I ignored his hostility. Seemed the best way to deal with him, all the way around. “Kitchen,” I said. “Let’s do the inquisition over some lunch.”

It was a pretty strategic move, seeing as how it put me within reach of a plateful of chocolate-chip cookies someone had left behind, and Kevin was too busy shoving turkey on rye into his mouth to give me much grief. Cherise quizzed me on ingredients, natural versus processed, organic versus pesticides, and other questions that I cheerfully lied my way through to get her plate filled. She even nibbled her way through a quarter of a cookie, looking mortified the whole time that she was doing it.

“You ask us here just to feed us?” Kevin mumbled around a mashed-up mouthful of sandwich. I resisted the urge to tell him not to chew and talk.

“I need to ask you about what you remember,” I said. “When you were taken over that day.”

He stopped chewing, swallowed, and put the sandwich down, growing fascinated by the pattern of the tablecloth. I felt for him, but I couldn’t let it go this time. “Kevin,” I said. “She was in your head. That means you know things that can help me now.”

He shook his head. His hair looked lank and oily, and I wondered if he ever washed it. I marveled at my urge to mother him, considering how much he disliked me. And how generally unlikable the kid was.

“She’s still out there,” I said. “She could do to other people what she did to you. For all I know she’s already doing it. You can’t seriously be okay with that.”

Another mute shake of his head. I didn’t know what it meant, but it was at least a response.

“You don’t want to remember,” I said. “I know. I get that. But we don’t have a lot of choices now. We have to find her.”

“What’s this ‘we’?” He looked up, and his eyes were dark with resentment. “It’s never about the ‘we’ with you. When you say ‘we,’ you just want something. And then you’ll leave me behind.”

“I won’t. Not this time.”

“Why should I believe you?”

“No idea. But I’m telling you the truth. If you want to go with me, I’ve got no issues with that. You’ve got more motivation than most people out there to take her down, right? I could use that.”

He frowned. “What if Lewis says no?”

“You think Lewis is the boss of me?”

He chewed another bite of sandwich while he thought about it, then gave me a grudging nod of acceptance. “Okay. What do you want me to do?”

I took in a deep breath and looked at Cherise, who’d put down her barely nibbled cookie and was watching, wide-eyed. “It’s what I did to Cherise before. I want to look at your memories and-”
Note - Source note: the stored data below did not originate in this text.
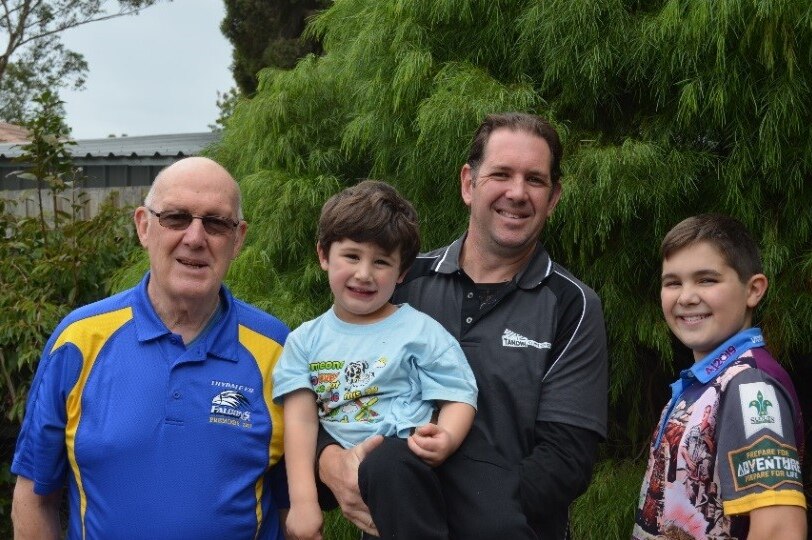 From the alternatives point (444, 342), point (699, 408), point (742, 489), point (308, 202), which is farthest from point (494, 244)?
point (308, 202)

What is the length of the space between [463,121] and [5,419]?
147 inches

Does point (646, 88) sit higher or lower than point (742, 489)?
higher

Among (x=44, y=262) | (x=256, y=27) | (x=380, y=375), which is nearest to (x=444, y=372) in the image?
(x=380, y=375)

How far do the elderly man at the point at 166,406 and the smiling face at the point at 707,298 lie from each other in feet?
3.81

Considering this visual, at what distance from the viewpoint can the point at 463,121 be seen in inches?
163

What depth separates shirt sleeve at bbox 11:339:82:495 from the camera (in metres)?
2.44

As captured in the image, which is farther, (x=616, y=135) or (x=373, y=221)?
(x=616, y=135)

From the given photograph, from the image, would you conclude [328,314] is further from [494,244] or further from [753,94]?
[753,94]

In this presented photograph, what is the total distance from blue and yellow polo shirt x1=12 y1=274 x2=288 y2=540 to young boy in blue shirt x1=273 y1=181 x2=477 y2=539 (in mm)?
110

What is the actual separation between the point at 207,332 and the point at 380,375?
51 centimetres

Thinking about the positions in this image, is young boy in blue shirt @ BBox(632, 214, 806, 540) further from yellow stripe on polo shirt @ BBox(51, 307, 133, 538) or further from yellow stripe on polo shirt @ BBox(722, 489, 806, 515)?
yellow stripe on polo shirt @ BBox(51, 307, 133, 538)

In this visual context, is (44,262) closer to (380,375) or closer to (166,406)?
(166,406)

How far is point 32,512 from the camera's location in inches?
99.1

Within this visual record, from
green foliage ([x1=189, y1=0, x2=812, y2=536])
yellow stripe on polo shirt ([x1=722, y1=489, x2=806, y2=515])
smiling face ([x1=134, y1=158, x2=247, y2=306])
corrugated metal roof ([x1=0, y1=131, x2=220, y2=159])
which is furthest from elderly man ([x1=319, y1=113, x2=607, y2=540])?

I didn’t get to finish, because Kevin slammed his chair back with a screech of wood on wood, and headed for the door. I summoned a blast of wind to slam it shut in his face-too much wind, too clumsy, and I had to bleed off the resulting energy into a surge of static that made sparks flare in the light fixtures.

“Screw you! You’re not touching me!” Kevin yelled, and grabbed the doorknob. Another unintended consequence of my ham-fisted use of power: It was hot enough to burn. He yelped, cradled his hand, and backed away.

I got up and took his hand in mine, palm up, and smoothed my fingers over the burn. This was easier, somehow. There was a rich, quiet flow of power coming up from my feet, channeled up from the ground, and it spilled like golden light through my body and out of my stroking fingers, to coat his wound and sink in deep.

In seconds the burn was gone.

“Shit,” Kevin said, and pulled his hand back to stare at it. Then he looked at me. “Thought you were Weather.”

“Well, you know, I joined one of those Power-of-the-Month clubs, and it looks like I’ve completed the set.”

His fingers curled in over the palm, hiding it. “I don’t care what you are. I still don’t want you in my head.”

Kevin had issues, with a capital I. “I’ll limit it to just what I need to know,” I said.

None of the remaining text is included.